The cult of the football manager shows no sign of abating.
We have long been obsessed with the men in long coats who patrol the technical area, readily taking the adulation and vitriol that comes their way depending on the success or failure of the 11 players they have selected.
These men who, win or lose, must face the TV, radio and newspapers after a match to explain every decision.
And in these men we place our faith; a good one we feel can transform the fortunes of our clubs, a bad one can send us spiralling down the leagues.
They come in all shapes and sizes: experienced and wise or young and dynamic; suited and booted or tracksuit and muddy boots; noisy and demonstrative or circumspect and cerebral; tanned and exotic or craggy and grey.
And, at the top level, all are paid well, all have a privileged lifestyle and, I’m sure if you asked their employers, all have massive egos.
But, in reality, what difference do they actually make?
In one episode of The Footballers Football Show on Sky Sports, we explored the use of statistics in football.
Coincidentally, Sam Allardyce, then in charge of West Ham, was part of our panel, knowing as we did how much he relied on numbers to analyse the game.
Alongside Sam was an academic called Chris Anderson – recently appointed as chief executive of Coventry City – author of a fascinating book on statistics in football called The Numbers Game.
In the programme, we learnt that the value of clean sheets over the course of a season outweighed scoring a goal, which Sam heartily agreed with, along with the emphasis Allardyce placed on “entries into the final third”.
There were other revelations too, such as the fact that, based on their success rate, attacking corners were largely a waste of time and some managers, Roberto Martinez being one, saw defending corners as a prime opportunity to launch a counter-attack.
But most interesting was Anderson’s agreement with a conclusion reached in another book, Soccernomics, that football managers make only 10 per cent difference to a team’s fortunes.
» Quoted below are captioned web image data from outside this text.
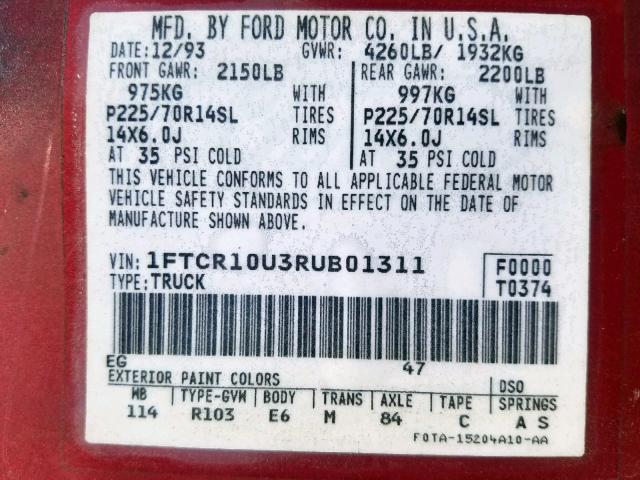 1FTCR10U3RUB01311 - 1994 FORD RANGER RED photo 10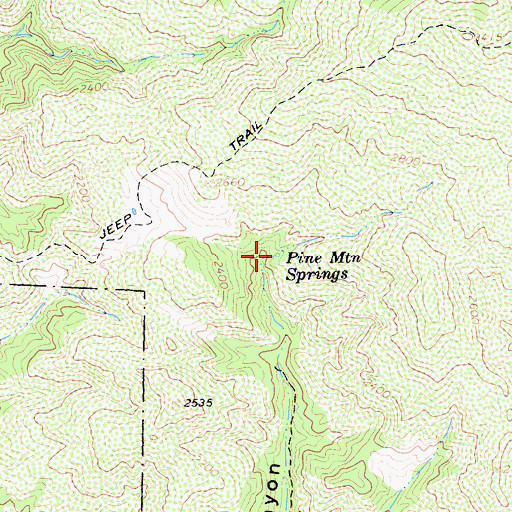 Topographic Map of Pine Mountain Springs, CA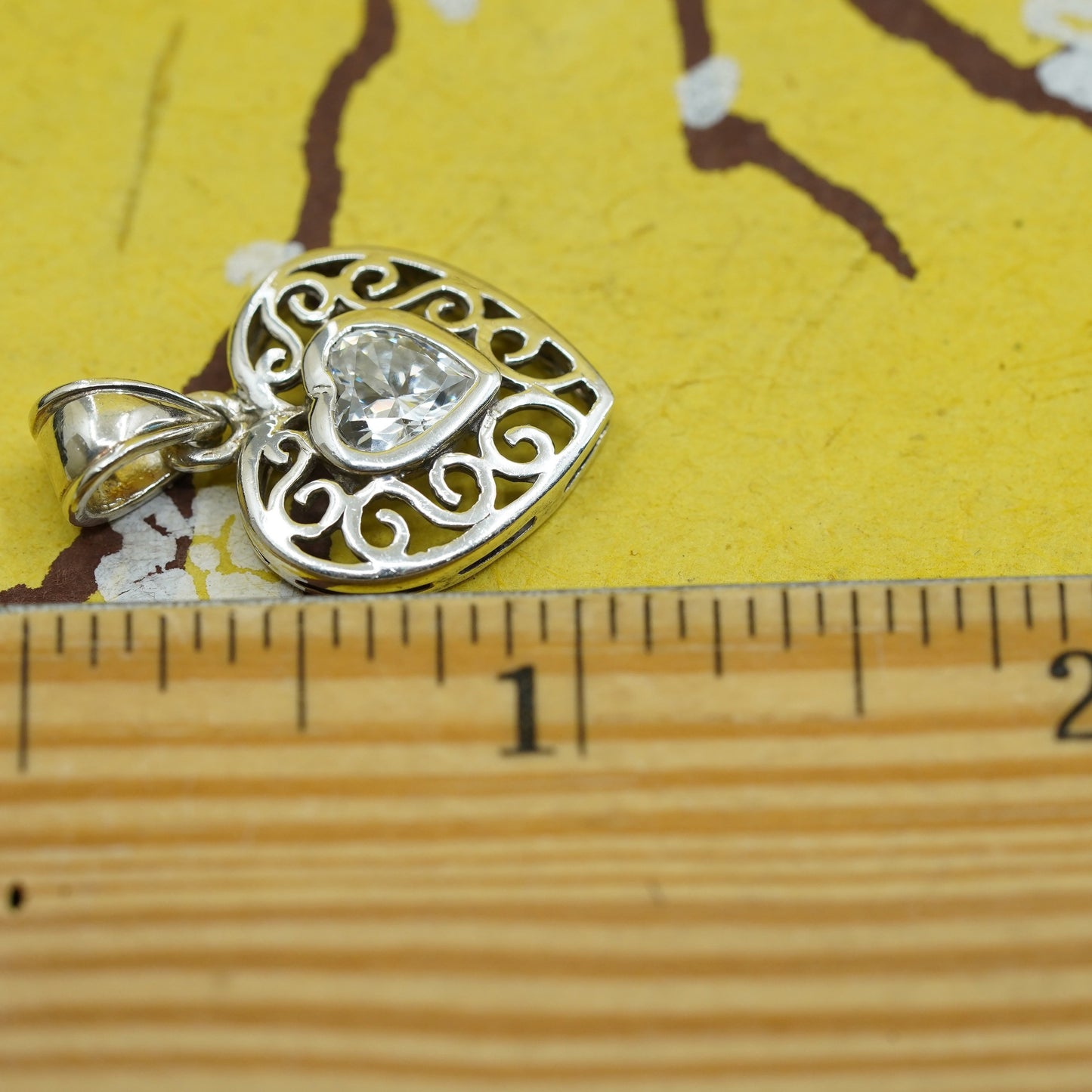 Vintage Sterling 925 silver heart shaped pendant with heart Cz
That is to say if your club won 50 points one season, a good manager could get you to 55 the following season and a bad one would still make it to 45.
Sunderland would be a case in point. From Martin O’Neill through to Paolo Di Canio, Gus Poyet and Dick Advocaat, our fortunes haven’t really altered.
As Ellis Short has discovered, changing a manager can have a short-term impact, but nothing changes in the long-term.
A study by Sunderland fan Dr Sue Bridgewater, who lectures the next generation of bosses for the League Managers Association, confirmed just that: generally a change in manager produces a brief upturn, but results soon plateau to the average points return of their predecessor.
It doesn’t stop clubs trying though: a third of Championship teams have already sacked their managers this season.
Of course, there are always exceptions and sadly Sunderland face one such on Monday night when they take on Crystal Palace, who have been transformed by Alan Pardew.
Last season, they were stumbling blindly towards relegation under Neil Warnock, but now they look a different team, largely with the same personnel.
Pardew has built a side with the emphasis on a powerful defence and rapier-like pace going forward.
He persuaded Yohan Cabaye to return to the Premier League and his class is helping them become more than the counter-attacking team they’ve been labelled.
The Palace owner, Steve Parrish, would argue that the foundations were already in place and it just needed the right manager to unlock their potential; it certainly appears to be a very well-run club these days, but Pardew has proved to be the perfect fit.
So let me return to Sunderland; are all those who’ve failed at the Stadium of Light bad managers or, as Gus Poyet famously said, is there something rotten at the club which no manager can fix?
On Monday night, I was in Dublin to witness the Republic of Ireland qualify for Euro 2016 and see Martin O’Neill hailed a hero.
You can see the old sparkle is back in his eyes and you can feel his energy and drive again on the touch line; you can see how much his players want to win for him.
But not even O’Neill’s alchemy could affect change at the club he grew up supporting.
Nor could the passion of Paolo, the possession play of Poyet or the guile of Advocaat.
As a disciple of statistics, Sam Allardyce is only too aware of how difficult the challenges are ahead.
To succeed, he must buck the trend and remind us why we put so much faith in the man on the touchline. But if he fails is it really his fault?